Essa questão encuca Daniela Arrais antes mesmo de ela ter Martin, 2, com a fisioterapeuta Laura Della Negra. "Há muitos anos, antes de ser mãe, perguntei a uma amiga por que ela não mostrava o rosto da filha nas redes. Lembro até hoje da resposta: ‘A vejo como um ser humano independente, mesmo que ela tenha acabado de nascer. Não sei se vai querer ver sua vida exposta quando tiver idade para entender’."

Sócia de uma plataforma de conteúdo, Arrais fala muito de maternidade no Instagram. O filho, contudo, só aparece de relance. "Mostro ele de costas, os pezinhos, as mãozinhas. Falo de como a existência dele reverbera em mim. Mas escolho não mostrar o rosto. Até porque, quando penso em qualquer número nas redes, tento trazê-los pro mundo físico: eu gostaria de mostrar meu filho pra 500 pessoas de uma vez? Hmmm, acho que não." Ela tem 54,5 mil seguidores por ali.

Daniela diz que pode repensar essa postura mais para frente. "Acho até que, na medida em que ele for crescendo, isso pode virar uma conversa bacana que nos ajude a entender como navegar nesse mundão virtual."

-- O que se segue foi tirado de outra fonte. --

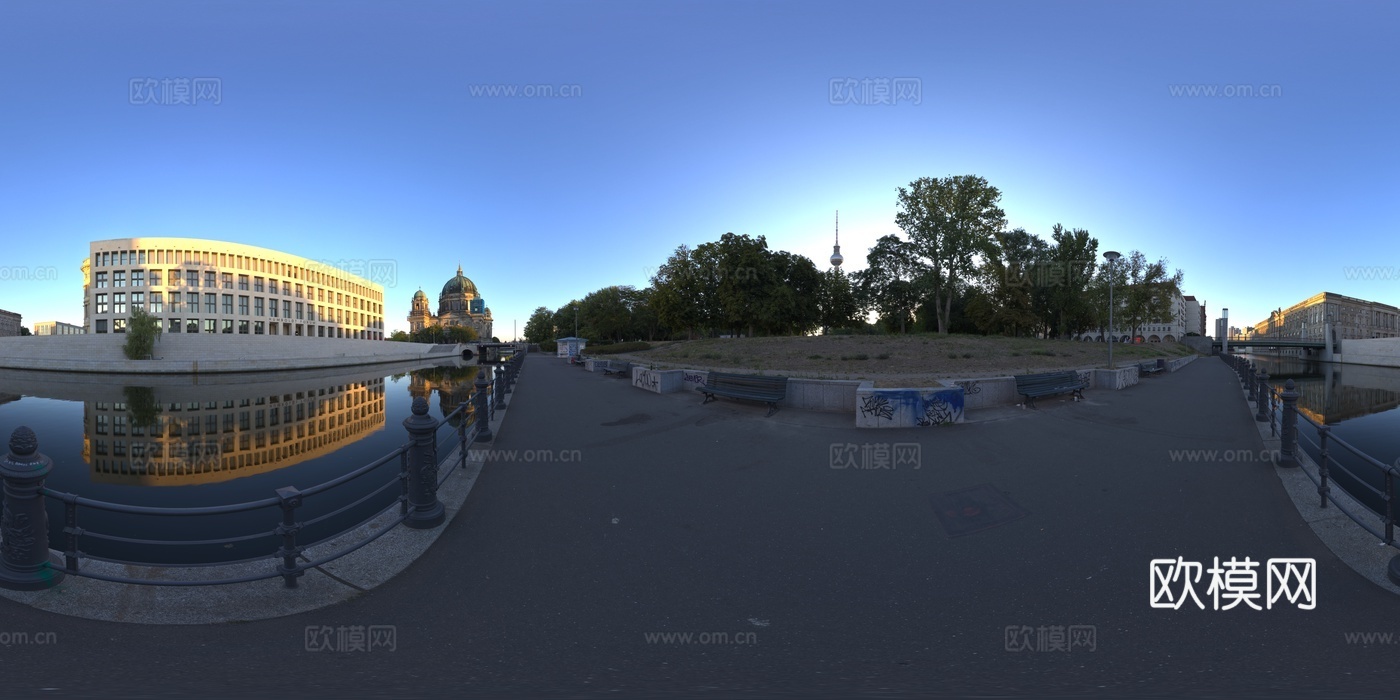 日落城市HDR 公园外景 大楼配景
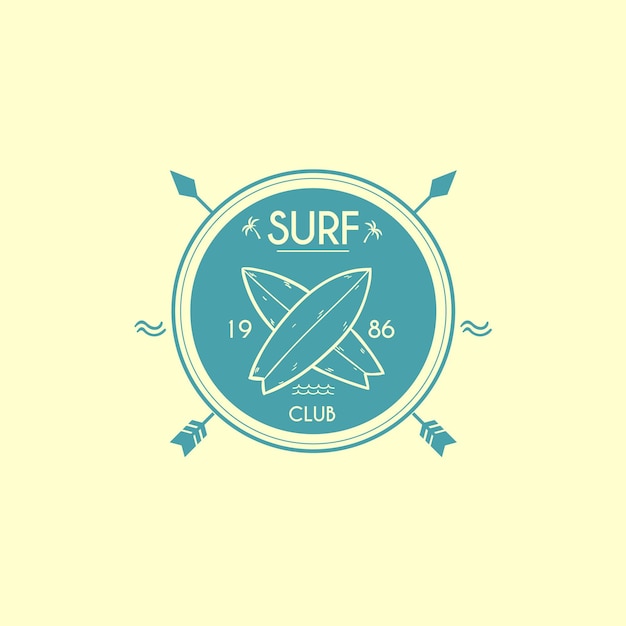 Free vector surf club logo template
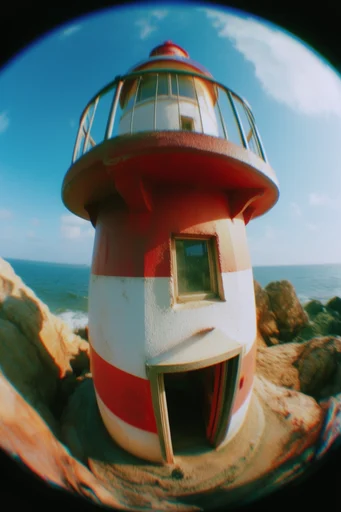 Sun-Drenched Fisheye Nostalgia style reference image — analog film grain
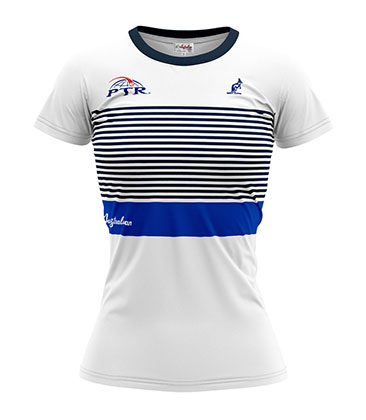 T-shirt Australian con stampa millerighe con logo PTR – Donna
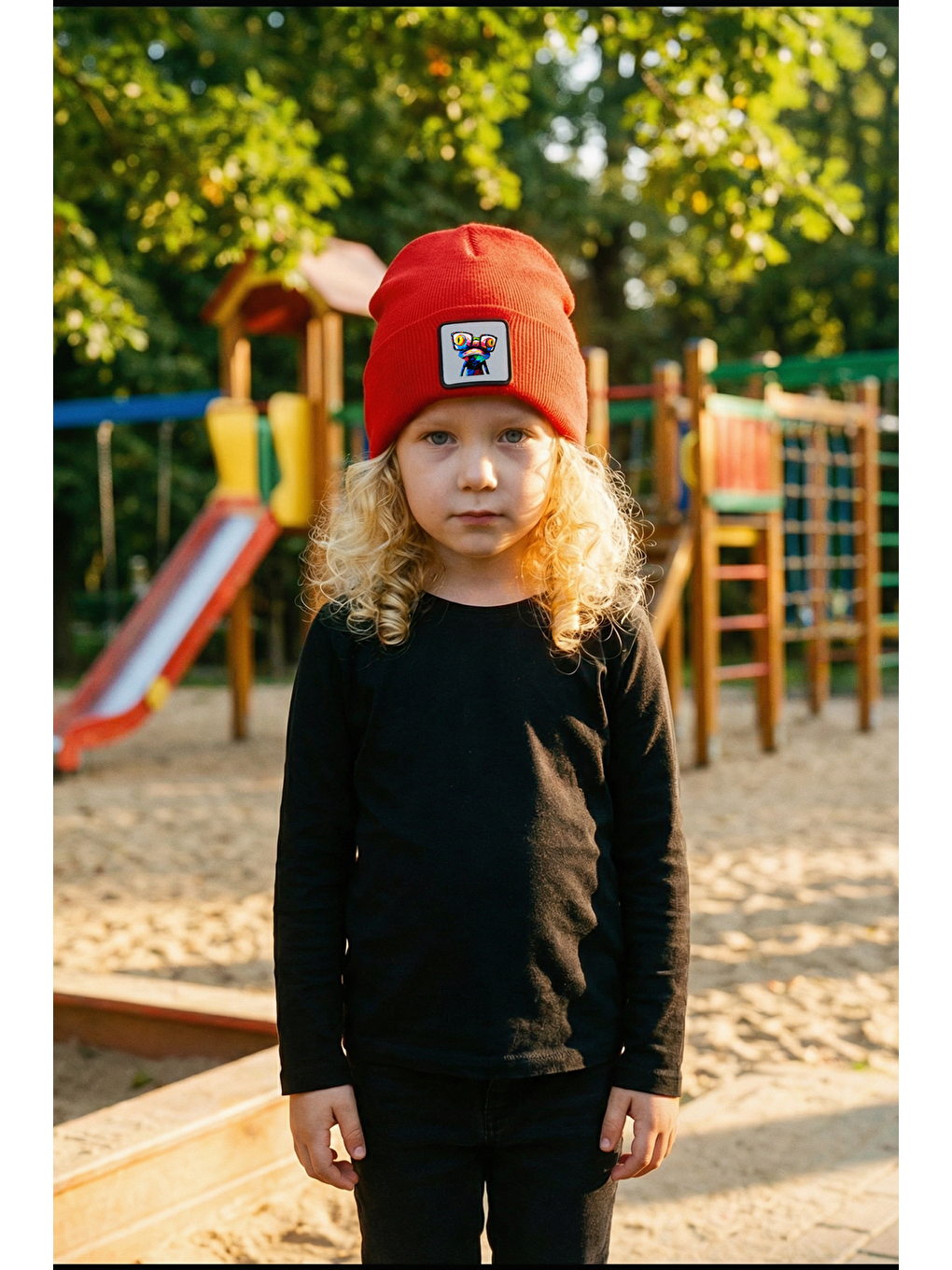 Bukalemun Logolu Kırmızı Çocuk Bere-2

Todo cuidado é pouco. "A gente ainda está numa espécie de jardim da infância do nosso uso de internet, sem pensar tanto nas implicações que podem acontecer". E tudo pode acontecer. "Muitas vezes passa pela minha cabeça que não mostrar o rosto dele pode soar antipático. Mas prefiro lidar com isso do que com um futuro que a gente ainda não sabe como vai ser, ainda mais quando o próprio presente já é muito 'Black Mirror'."